When she's on her period w/cramps, she'll call him up to go pick her up cause she wants him to take care of her. He got the call last nite at 10:30 pm after he was in bed. He never tells her no. They got back to his house @ 1 a.m. He was up at 4 to go to work. He says he raised her to be "a princess." He spoils her rotten! I don't think I can compete with her. Is there hope for us to make it in a marriage?

Hi, I'd like to help you with your question.


It sounds like your boyfriend has taken the loss of his marriage all those years ago and put his loneliness and grief from it into his relationship with his daughter. She has become the center of his world and everything else is second.


Whatever your boyfriend is like now, before you get married, is going to be what he is like after you are married. Marriage does not change a person. The only thing that changes someone is the person themselves. So if your boyfriend sees no problem having that kind of relationship with his daughter, then he has no reason to change it.


You can suggest to him that you both go to therapy together and see if he is willing. He may be willing to hear someone else tell him that the relationship is not a normal one. However, if he was willing to give up the intensity of the relationship with his daughter, he would have to deal with the grief and loss he never dealt with when he lost his marriage. Whether or not he would be ok with that is up to him. Otherwise, you may want to rethink this relationship if you want to be first in someone's life.
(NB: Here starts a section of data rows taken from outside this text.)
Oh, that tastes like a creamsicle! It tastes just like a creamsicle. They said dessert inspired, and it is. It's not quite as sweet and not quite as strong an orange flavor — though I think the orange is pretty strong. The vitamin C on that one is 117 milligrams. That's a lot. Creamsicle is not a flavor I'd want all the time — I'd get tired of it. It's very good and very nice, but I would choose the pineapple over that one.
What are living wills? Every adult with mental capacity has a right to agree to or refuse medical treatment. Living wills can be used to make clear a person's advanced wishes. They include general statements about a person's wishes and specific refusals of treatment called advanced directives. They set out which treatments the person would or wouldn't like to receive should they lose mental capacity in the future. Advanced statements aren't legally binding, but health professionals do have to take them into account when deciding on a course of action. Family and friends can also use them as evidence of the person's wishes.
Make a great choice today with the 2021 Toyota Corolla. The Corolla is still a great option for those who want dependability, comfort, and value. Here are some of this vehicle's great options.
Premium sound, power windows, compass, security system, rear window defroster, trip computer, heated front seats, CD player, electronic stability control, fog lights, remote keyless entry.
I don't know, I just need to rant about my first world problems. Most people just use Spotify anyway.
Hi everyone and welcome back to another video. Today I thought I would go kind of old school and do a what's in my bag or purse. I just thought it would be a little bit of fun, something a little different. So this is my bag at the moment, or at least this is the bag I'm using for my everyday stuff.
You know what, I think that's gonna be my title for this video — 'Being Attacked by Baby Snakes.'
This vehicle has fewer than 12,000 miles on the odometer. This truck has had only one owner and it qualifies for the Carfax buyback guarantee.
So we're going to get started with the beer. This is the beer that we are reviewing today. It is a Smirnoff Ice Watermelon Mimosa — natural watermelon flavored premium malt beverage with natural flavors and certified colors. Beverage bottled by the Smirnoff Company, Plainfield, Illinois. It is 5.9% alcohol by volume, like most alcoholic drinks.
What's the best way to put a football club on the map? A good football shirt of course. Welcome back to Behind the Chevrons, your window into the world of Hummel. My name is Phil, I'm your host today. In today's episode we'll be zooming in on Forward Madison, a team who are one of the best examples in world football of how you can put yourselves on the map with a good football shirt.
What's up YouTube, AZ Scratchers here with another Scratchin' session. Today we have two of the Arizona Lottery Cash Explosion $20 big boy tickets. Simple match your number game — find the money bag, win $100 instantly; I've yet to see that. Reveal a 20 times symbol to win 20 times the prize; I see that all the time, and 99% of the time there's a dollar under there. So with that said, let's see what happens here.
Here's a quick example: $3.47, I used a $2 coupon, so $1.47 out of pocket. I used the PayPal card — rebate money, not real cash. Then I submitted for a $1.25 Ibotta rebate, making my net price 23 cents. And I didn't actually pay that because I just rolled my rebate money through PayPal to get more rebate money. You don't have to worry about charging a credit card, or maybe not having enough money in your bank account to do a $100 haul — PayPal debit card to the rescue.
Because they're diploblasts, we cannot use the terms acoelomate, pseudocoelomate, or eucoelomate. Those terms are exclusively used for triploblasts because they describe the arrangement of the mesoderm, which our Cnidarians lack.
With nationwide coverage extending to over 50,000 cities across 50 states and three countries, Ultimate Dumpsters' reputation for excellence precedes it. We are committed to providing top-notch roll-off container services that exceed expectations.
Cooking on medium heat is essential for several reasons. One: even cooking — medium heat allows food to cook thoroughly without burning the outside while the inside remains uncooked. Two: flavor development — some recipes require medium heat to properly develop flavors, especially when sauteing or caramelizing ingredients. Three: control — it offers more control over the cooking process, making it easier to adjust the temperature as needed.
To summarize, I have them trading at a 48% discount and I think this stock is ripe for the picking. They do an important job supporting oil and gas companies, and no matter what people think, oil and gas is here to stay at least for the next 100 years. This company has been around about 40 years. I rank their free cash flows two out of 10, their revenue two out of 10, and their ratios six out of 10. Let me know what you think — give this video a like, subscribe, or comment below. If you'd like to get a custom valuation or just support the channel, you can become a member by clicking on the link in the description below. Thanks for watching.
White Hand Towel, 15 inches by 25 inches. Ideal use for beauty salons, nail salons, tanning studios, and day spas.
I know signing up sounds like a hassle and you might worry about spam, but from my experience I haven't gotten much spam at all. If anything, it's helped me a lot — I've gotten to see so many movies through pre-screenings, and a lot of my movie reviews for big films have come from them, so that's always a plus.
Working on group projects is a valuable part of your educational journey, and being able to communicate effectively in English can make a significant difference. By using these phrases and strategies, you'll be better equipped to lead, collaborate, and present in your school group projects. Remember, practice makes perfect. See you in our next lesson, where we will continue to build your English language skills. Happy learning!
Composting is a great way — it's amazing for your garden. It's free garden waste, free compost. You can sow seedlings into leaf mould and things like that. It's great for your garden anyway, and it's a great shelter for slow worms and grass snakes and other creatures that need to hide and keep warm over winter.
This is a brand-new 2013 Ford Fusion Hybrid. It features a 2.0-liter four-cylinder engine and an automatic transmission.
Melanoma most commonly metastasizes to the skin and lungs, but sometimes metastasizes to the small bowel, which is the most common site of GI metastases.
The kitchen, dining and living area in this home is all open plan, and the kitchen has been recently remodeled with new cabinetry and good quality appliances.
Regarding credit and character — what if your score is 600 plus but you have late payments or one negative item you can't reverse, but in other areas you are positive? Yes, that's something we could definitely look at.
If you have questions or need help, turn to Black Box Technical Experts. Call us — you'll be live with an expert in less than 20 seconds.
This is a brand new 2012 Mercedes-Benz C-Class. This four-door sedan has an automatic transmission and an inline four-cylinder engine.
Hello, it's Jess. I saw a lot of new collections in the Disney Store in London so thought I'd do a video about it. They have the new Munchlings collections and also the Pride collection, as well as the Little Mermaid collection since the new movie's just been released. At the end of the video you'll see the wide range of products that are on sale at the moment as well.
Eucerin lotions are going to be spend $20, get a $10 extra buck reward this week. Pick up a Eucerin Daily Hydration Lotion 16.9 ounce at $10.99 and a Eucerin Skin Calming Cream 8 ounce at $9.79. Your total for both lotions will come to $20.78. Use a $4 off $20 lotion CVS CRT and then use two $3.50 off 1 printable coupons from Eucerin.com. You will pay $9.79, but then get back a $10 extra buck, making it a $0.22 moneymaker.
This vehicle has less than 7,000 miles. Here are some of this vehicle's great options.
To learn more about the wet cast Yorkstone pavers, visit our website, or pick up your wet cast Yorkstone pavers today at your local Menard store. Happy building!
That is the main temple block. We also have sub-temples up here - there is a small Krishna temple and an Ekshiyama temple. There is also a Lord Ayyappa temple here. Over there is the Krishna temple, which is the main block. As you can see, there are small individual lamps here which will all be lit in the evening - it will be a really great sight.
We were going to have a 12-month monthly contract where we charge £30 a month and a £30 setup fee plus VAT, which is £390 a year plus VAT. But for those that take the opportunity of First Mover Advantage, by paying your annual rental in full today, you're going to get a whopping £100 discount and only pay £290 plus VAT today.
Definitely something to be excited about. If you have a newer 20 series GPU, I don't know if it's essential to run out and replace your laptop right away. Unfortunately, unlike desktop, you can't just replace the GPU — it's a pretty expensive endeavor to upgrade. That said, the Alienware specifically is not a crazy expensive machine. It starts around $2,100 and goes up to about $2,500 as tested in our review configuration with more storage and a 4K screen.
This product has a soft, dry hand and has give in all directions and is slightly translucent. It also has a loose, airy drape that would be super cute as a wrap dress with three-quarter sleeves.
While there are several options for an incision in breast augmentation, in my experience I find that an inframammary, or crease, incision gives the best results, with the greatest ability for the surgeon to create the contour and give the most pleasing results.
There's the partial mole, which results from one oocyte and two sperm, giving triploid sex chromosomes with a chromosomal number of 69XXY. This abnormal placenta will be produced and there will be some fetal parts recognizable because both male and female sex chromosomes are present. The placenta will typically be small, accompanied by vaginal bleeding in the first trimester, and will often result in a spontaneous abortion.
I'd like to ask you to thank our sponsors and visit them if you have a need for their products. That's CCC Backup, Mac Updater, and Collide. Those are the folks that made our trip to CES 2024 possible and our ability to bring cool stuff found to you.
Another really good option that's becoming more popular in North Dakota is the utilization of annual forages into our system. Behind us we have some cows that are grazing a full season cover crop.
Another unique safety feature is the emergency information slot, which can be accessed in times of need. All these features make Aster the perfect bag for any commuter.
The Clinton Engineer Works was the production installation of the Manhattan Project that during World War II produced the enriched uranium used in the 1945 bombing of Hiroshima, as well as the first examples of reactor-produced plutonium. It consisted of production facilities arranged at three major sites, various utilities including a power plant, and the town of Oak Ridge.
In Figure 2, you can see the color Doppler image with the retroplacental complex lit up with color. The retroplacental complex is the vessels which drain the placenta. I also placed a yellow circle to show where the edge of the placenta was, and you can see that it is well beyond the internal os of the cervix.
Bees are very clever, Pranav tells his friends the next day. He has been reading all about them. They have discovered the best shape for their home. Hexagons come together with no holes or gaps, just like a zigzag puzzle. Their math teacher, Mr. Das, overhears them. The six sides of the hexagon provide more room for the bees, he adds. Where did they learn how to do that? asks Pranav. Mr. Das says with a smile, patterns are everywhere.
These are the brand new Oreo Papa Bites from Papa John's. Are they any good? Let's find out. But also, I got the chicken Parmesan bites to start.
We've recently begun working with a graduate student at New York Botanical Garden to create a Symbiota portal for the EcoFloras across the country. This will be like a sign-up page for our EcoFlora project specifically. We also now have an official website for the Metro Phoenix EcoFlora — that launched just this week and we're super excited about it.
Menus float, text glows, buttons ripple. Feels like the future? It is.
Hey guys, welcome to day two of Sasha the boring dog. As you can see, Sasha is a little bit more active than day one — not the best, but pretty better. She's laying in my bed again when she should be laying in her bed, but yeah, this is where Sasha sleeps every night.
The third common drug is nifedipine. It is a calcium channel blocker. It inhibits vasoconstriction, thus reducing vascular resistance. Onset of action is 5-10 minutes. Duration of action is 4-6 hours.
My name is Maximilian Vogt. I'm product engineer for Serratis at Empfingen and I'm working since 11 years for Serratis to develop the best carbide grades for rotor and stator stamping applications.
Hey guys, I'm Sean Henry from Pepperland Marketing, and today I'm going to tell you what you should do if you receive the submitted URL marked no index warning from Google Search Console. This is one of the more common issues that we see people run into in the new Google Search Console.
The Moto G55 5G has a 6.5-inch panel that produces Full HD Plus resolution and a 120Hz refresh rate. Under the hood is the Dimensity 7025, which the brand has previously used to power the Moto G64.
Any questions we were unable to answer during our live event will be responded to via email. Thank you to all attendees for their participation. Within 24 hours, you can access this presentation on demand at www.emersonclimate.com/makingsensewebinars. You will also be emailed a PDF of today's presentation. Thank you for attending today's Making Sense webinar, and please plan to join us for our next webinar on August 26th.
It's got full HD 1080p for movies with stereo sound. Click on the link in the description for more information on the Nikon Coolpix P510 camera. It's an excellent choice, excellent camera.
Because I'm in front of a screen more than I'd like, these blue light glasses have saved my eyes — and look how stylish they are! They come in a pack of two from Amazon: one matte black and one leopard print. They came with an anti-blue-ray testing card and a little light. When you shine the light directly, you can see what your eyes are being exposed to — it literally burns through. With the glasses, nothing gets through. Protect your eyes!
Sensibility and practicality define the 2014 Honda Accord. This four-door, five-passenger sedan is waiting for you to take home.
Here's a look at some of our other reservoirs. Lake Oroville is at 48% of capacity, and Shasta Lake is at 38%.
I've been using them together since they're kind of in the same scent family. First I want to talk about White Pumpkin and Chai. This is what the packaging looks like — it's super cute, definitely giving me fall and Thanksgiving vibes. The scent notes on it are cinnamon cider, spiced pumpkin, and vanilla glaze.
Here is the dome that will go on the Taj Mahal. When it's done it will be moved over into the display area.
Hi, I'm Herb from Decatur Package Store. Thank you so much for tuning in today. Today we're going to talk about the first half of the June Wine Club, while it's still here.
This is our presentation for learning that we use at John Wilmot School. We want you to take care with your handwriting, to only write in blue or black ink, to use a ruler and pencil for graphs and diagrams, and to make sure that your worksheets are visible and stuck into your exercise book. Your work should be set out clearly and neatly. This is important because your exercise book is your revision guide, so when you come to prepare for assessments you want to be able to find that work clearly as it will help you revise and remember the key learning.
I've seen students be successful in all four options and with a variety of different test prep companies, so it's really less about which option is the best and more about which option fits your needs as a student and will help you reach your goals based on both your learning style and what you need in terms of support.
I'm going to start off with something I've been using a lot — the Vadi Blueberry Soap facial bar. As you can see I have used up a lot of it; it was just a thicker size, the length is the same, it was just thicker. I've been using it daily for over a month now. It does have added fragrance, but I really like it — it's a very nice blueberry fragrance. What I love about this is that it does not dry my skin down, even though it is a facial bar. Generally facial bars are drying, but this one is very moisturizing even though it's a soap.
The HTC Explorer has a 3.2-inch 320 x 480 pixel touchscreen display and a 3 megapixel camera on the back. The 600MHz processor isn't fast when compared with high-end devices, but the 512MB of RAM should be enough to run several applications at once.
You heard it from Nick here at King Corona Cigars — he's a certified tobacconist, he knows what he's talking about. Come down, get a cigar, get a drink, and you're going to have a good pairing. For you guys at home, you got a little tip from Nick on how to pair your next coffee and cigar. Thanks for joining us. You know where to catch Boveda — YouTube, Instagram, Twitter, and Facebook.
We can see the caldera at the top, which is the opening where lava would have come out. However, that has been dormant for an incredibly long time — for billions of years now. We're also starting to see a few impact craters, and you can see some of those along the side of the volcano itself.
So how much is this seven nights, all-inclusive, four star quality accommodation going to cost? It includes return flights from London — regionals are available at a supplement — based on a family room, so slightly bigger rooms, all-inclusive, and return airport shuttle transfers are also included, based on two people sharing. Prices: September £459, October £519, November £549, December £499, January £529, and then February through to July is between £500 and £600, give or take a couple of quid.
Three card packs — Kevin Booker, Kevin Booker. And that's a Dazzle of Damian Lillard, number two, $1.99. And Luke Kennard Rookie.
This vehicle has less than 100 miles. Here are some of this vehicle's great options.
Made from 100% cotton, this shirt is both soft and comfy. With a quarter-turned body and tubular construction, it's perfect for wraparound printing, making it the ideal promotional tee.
I hope this has helped you,


Customer: replied 5 years ago.
The mother of the granddaughter he is raising, is also very troubled. She is on & off in her present marriage. She calls her dad (my boyfriend) @ least once an hour, screaming & crying about her unhappiness in her marriage. He has panic attacks & only sleeps 4 hours/nite. He always answers her calls & feels he "needs to be there for her." He cannot say no to "his girls". They don't seem to give him any thought. It's all about what THEY need. His granddaughter is primary in his life, then his daughters. Do you think there's room for me?

No I do not think so.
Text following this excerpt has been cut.